The term was (incorrectly) coined in 1972 by psychologist and gay activist George Weinberg. Society has just immediately accepted that homophobia is a hatred of homosexuals, and has even manipulated the actual roots of the word to suit their definition, lol people are just as gullible to societies values and belifs and follows them unquestioningly as they were decades ago -_-

Anyway, phobia means simply "fear of" and **** means "same", so even by that it dosent make sense lol, fear of same?


----------



## Cubie (May 3, 2011)

*Homosexuality:* I think it's totally fine, it's who you are and you shouldn't have to change that for anyone. I think it's your business what your sexuality is and whatever it is, it's totally fine.

*Homophobia:* I don't really understand why some people has homophobia, We're all just people but again it is someone's opinion.


----------



## Fizz (Nov 13, 2010)

Vaan said:


> Nowhere in the term **** or Phobia is the term "dislike" used, in arachnophobia
> 
> a·rach·no·pho·bi·a/əˌraknəˈfōbēə/
> Noun: Extreme or irrational fear of spiders
> ...


Have you not read what everyone else has put? Words are not static and I told everyone to drop the semantics.

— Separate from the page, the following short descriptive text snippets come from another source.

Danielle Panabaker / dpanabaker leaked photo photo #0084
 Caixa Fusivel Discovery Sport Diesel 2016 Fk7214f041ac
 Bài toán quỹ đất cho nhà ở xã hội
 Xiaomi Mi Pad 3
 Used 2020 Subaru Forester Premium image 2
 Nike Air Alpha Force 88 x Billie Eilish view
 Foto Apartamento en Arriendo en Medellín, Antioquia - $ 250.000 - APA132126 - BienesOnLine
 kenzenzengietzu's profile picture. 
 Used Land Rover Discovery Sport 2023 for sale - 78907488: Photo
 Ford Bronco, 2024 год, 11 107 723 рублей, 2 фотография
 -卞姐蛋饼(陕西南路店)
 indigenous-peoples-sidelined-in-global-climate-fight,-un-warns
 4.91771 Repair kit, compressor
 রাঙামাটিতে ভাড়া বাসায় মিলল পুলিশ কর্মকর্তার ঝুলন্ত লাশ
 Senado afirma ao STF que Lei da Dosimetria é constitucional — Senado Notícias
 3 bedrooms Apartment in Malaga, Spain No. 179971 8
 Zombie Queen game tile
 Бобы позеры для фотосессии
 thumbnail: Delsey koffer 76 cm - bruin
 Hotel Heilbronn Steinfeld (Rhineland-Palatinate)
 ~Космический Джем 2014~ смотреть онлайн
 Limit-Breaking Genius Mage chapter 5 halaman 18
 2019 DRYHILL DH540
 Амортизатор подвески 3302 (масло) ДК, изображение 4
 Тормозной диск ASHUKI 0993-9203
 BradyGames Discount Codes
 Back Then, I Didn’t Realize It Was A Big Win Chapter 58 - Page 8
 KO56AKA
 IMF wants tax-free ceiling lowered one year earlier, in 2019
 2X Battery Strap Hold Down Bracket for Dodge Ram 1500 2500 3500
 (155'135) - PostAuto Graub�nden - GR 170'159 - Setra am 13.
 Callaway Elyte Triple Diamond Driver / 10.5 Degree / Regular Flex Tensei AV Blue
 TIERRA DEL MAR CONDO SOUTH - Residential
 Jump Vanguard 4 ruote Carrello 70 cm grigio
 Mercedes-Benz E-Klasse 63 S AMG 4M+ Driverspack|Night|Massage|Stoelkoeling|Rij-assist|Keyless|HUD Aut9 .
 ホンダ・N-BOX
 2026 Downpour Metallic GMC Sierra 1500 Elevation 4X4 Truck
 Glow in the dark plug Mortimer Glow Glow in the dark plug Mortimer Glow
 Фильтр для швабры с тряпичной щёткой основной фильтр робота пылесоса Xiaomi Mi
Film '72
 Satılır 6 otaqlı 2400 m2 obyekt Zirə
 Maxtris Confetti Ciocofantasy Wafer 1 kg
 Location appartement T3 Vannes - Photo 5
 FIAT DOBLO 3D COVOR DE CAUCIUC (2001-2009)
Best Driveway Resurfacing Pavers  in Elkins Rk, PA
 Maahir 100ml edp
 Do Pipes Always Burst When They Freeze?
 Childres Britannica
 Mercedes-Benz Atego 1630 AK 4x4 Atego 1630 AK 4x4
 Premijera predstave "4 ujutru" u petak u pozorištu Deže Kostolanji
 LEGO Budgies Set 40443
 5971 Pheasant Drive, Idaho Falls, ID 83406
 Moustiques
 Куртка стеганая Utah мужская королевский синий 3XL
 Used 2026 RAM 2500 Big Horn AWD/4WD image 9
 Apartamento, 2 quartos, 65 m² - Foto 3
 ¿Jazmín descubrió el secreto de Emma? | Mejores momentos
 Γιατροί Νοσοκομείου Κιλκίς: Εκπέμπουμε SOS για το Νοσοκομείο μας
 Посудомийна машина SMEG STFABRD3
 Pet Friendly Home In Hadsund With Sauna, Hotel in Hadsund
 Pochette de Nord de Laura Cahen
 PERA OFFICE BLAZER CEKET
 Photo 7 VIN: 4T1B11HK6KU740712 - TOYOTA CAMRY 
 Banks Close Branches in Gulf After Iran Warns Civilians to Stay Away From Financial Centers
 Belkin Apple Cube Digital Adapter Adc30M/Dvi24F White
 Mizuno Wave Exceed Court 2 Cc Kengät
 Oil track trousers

You are derailing this thread on a topic that we should have stopped discussing many pages ago.


----------



## Vaan (Dec 19, 2010)

Fizz said:


> Have you not read what everyone else has put? Words are not static and I told everyone to drop the semantics.
> 
> 
> You are derailing this thread on a topic that we should have stopped discussing many pages ago.


So it dosent matter if something isnt right in meaning as long as you get to say what you want to say? Sounds Silly -_-

Anyway i agree this thread should've ended quite a few pages ago ^^


----------



## Roland Khan (May 10, 2009)

Vaan said:


> Nowhere in the term **** or Phobia is the term "dislike" used, in arachnophobia
> 
> a·rach·no·pho·bi·a/əˌraknəˈfōbēə/
> Noun: Extreme or irrational fear of spiders
> ...


language is an ever evolving tool to communicate. its always changing, and meanings of words are whatever people accept them to be. obviously it takes large group of people to change or add a definition to a word otherwise the person using different one wouldnt make any sense to anybody else. but as more and more people learn what somebody means and if they accept it, theyll start using and itll spread, therefore changing the language as it always has done.